Allerdings setzt die neue Arbeitswelt auch eine entsprechende Unternehmenskultur voraus. Führungskräfte, die bislang nie über Homeoffice oder den Einsatz freier Mitarbeiter nachgedacht hatten oder solchen Themen sogar ablehnend gegenüberstanden, beginnen vor diesem Hintergrund allmählich, traditionelle Arbeitsmodelle zu überdenken. Sie nähern sich New Work sukzessive an, werden offener für flexible Arbeitsmodelle – und letzten Endes auch bereits für den damit einhergehenden Wertewandel.

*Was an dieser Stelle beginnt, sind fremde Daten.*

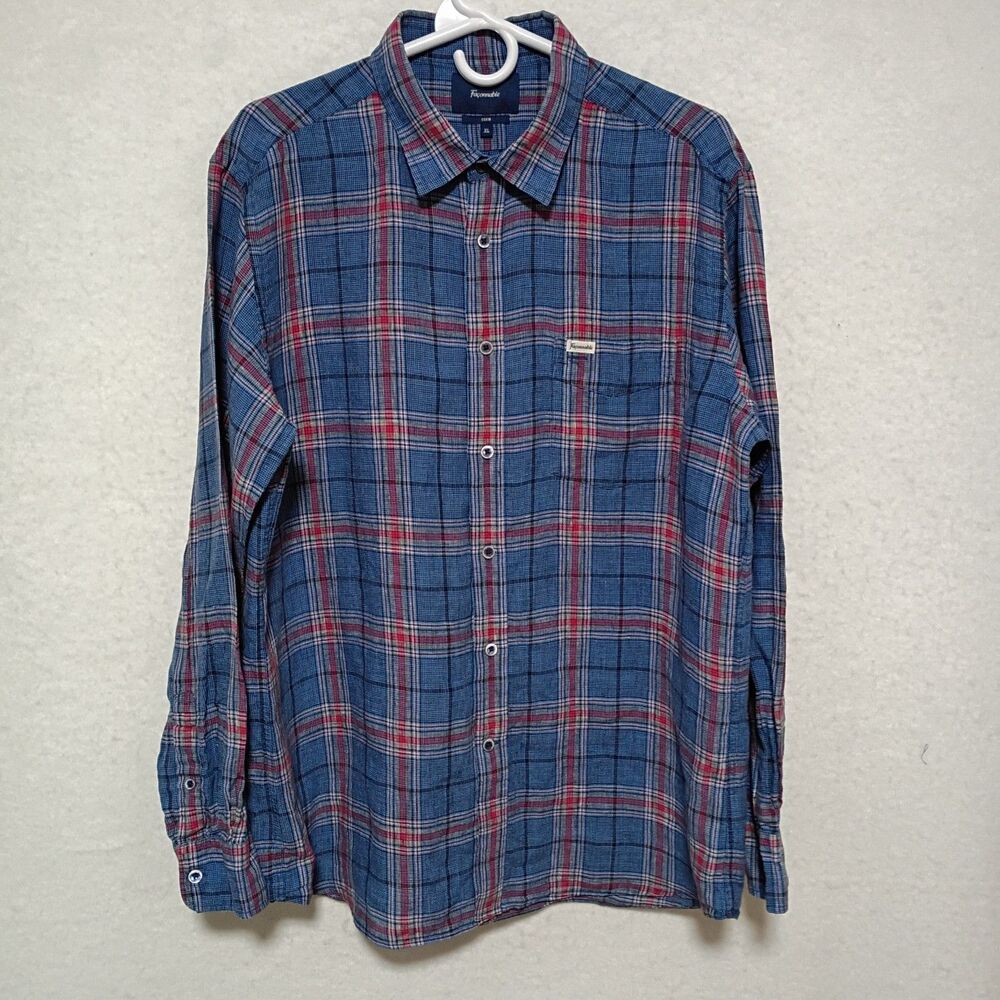 Faconnable 100% Linen Plaid Men’s Button Down Club Shirt Long Sleeve Size XL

Homeoffice nicht als Notfallplan betrachten, sondern als Beginn einer neuen Zeit

Das ist vor allem im Hinblick auf die fundamentalen Veränderungen in der Arbeitswelt von entscheidender Bedeutung: Digitalisierung, Globalisierung, demografischer Wandel, Fachkräftemangel, sowie der Übergang zur Wissensgesellschaft und die Frage nach der Sinnhaftigkeit der eigenen Arbeit erfordern neue Ansätze und Möglichkeiten. Vor diesem Hintergrund sollten Unternehmen die Verlagerung von Tätigkeiten ins Homeoffice nicht als zeitlich befristeten Notfallplan für Krisenzeiten verstehen. Sondern als den Beginn einer neuen Arbeitskultur, die sie in Zeiten disruptiver Veränderungen zukunfts- und wettbewerbsfähig macht und mit der sie sich entsprechend ihren jeweiligen Bedürfnissen auch qualifizierte Fachkräfte sichern können.